I started as a fan at age five. Since then I've been a crewmember, second-rate driver, writer, announcer, and radio broadcaster.

2. What is your earliest memory in motorsports.
My uncle, Doug MacDonald, used to drive from Rumney, NH to Thunder Road to the races. When I was five years old, he dragged me along. I can still recall the feeling of being able to hear (but not see) those cars from the ticket booth. I was captivated before I ever laid eyes on them. When the racing started, I picked Larry Granger's black #GT-1 Chevy as "my car," probably because it was the prettiest car out there. He won the Triple Crown that afternoon, and I was hooked for life.

3.Do you see motorsports gaining in popularity or will it start to decline as people get bored with it?
It will continue to grow, though quicker at the top than at the grassroots level. The advent of Saturday night televised races on the NASCAR Winston Cup circuit will make it more and more difficult for short tracks to attract fans. Sloppy, overpriced shows are going to have a tough time cutting it. Smart promoters, though, will survive, since a good live race beats a great TV race every time.

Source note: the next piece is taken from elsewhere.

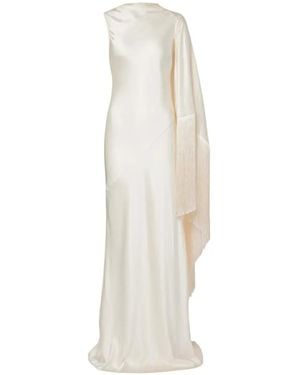 Self-Portrait Fringed Satin Maxi Dress - White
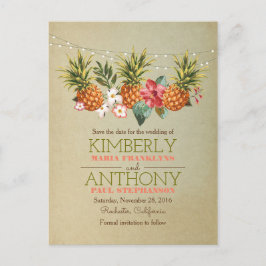 Ananas-Strandleuchten Save the Date Ankündigungspostkarte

4. What is the best race you have ever seen live?
I can narrow it to three, in no particular order. 1) Dan Beede's upset win over Junior Hanley in the 1991 VT Milk Bowl at Thunder Road. NOBODY could beat Hanley back then, but Beede made a great, three-wide move on a late restart to claim his first career ACT win on his home turf. 2) Dave Dion stealing the 1985 Oxford 250 from Joey Kourafas when a lapped car drifted too high on the backstretch of final lap. Sandy MacKinnon (Kourafas' car owner) looked like he'd been shot. 3) Ricky Craven's .002-second margin of victory over Kurt Busch at Darlington. If only they were all like that.

5. Do you think NASCAR running Winston Cup races has an effect on the attendence of local short tracks across the USA?
Absolutely, yes. Everyone wants to do things like the big boys do, leading to foolishness like short-track time trials and heads-up starts. When the fastest car wins the race without passing anyone, the fans are getting screwed. Also, no-one is content to be a great short track racer anymore. Instead, everyone has a five-year plan to get to Winston Cup. When I was a kid, Grand National (now Winston Cup) racing was like another universe. We saw it on "Wide World of Sports" once in a while, but it wasn't real to us. The Dragon Brothers, Dave Dion,  Mike Rowe...those were real racers, and we idolized them.

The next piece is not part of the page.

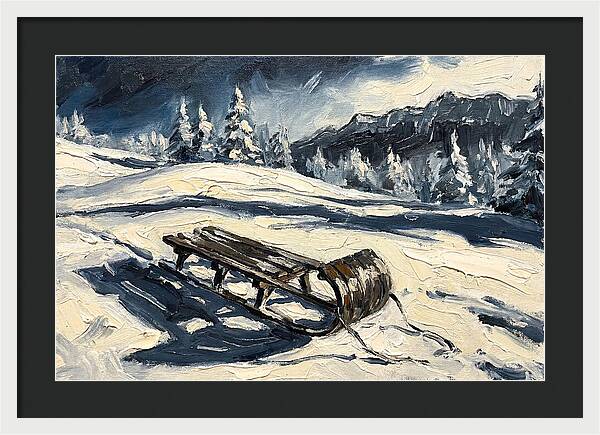 Vintage Wooden Toboggan On Snowy Hillside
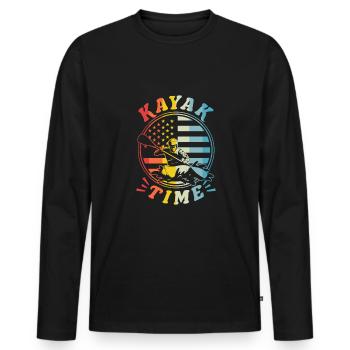 Vintage Retro Kajak Kayak Time Shirt Geschenk - Männer Premium Bio Langarmshirt - Schwarz - Vorne - Nico (187cm)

6. If you were in charge of NASCAR but could only make one change, what change would that be?
Stock bodies. I mean STOCK; no fender flares, no laid-over windshields, no snowplow front valances...nothing. Put a rear spoiler on `em and let `em go. Heck, I'd even make `em run the door handles.

7. What advice would you give to a young driver looking to get into racing?
Start small. I wish I had a nickle for every driver who I've seen jump right into a Late Model, only to blow $50,000 and disappear. Build a Street Stock and have fun for two years. Then, if you're any good, start thinking about the next step. If you stink, who cares? You've spent a couple of grand and had a hell of a good time.

8. How did you get involved in motorsports?
Like most people, as a fan. Then, as a crewmember on a couple of mini-stock cars; Harry Gammell's #32 and the #77 (driven by a number of drivers). After a few years turning wrenches, I got talked into writing a weekly column for Speedway Scene, then into announcing when Ken Squier started traveling a lot for CBS. The rest is history.

9. In your honest opinion... whats the best race track in the world? What is the worst?
Thunder Road laps the field. But then again, I'm biased. There's a lot of competition in the "worst" department, and I've seen them all. New Smyrna (FL) used to be awful, with 30 minute "breaks" between heat races and 6-7 low car-count divisions that all looked exactly alike, and all started heads-up. The last time I went there, I left at 3 a.m. with two features still to go. I'm told things have improved since then, but I've never been back to see for myself.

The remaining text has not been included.